I have a couple of public speaking engagements coming up, and I have to fight the primal urge to get nervous. Sure, you say, it is natural to get a little biled up before a speech. But you don’t understand.
I get nervous because I have bombed before. I know what it is like.
Garth Brooks recorded a song called “The Dance,” in which he sings:
And now I’m glad I didn’t know
The way it all would end, the way it all would go
Our lives are better left to chance
I could have missed the pain
But I’d of had to miss the dance.
Well, Garth, I DO know the way it all might end; the way it all might go. If some of my speeches were dances, I would be the guy with two left feet. I would drop my partner when I dipped her. In “Dancing With The Stars,” I would have been eliminated before the first commercial break.
A few years ago I gave a speech to the Navy League in Monterey. I had prepared pithy comments to go with some cartoons that were to be projected on a screen. The idea was to be my own straight man. I would give a serious, dry speech, but the cartoons would contradict everything I said. It would be hysterical.
The projector didn’t work.
I was forced to “kill time” while they worked on the equipment. Unfortunately, I am not a stand up comedian, and the audience wanted to laugh. I was this guy:
[youtube]http://www.youtube.com/watch?v=-5zSEJMNYhE&feature=related[/youtube](They didn’t have a ghost.)

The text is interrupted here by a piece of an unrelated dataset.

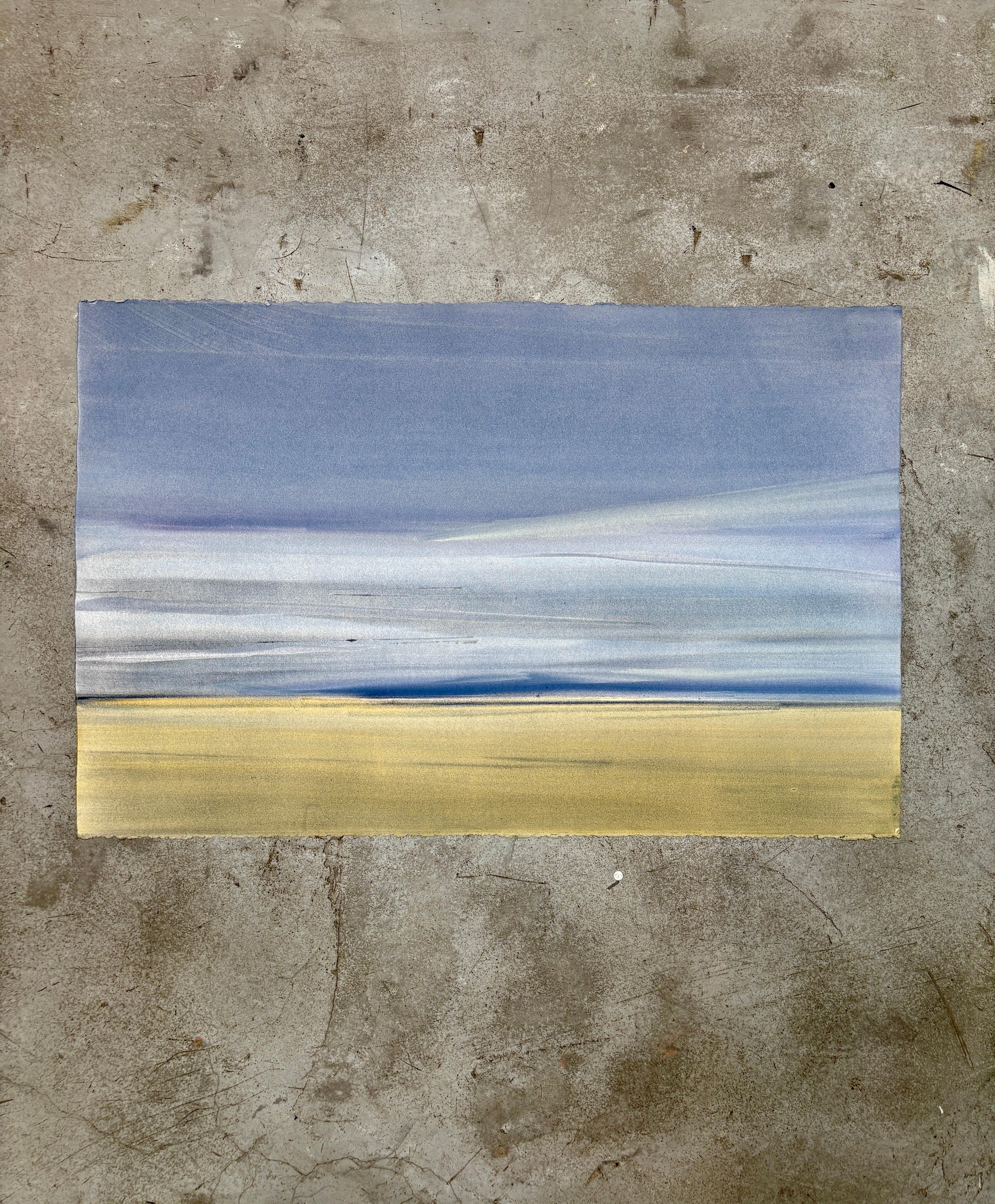 No. 39, Peinture à l'aquarelle d'un paysage atmosphérique, 2025 en vente 6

When the projector finally got fixed, I started into my routine. “I can salvage this,” I thought to myself. “I’ll kill ’em with the cartoons.”
No one laughed.
Finally, from the back of the room, someone shouted, “We can’t see them (meaning the cartoons).”
So I had to scrap the speech and read the cartoons to the audience. Then explain them.
One of the first rules of cartooning is that if you have to explain the joke to someone, it isn’t funny.
I had to explain all of them.
By the time I finished, sweat was pouring down my back like Niagara Falls. I had tunnel vision. My lips were quivering – I fought the urge to whimper. My rush to the door seemed like it was in slow motion. It was like those nightmares when the monster is chasing you and your legs feel like they are stuck in quicksand.
So as I prepare for speech season 2012, I will do so by looking forward – not back. This allows me to focus and not be distracted by past tragedies. I will prepare a fall back plan in case they can’t see the cartoons. I will make sure there is an extra projector handy, and that the screen is big enough for everyone to read.
But what if everything works and no one laughs? What if I am forced to explain the cartoons again? There is no fall back plan for that, no exit strategy. I don’t know what I will do.
Maybe I could dance. That might work.
2 Comments
“They” say – ‘visualize your audience is sitting there in their underwear/birthday suit and you’ll naturally relax’
I visualize – me buck naked on the stage, no podium and an audience full of folks in winter coats…
…in church…
o_O
Best wishes for the upcoming speaking season.
w/r, SJS
I hear you, Steeljaw.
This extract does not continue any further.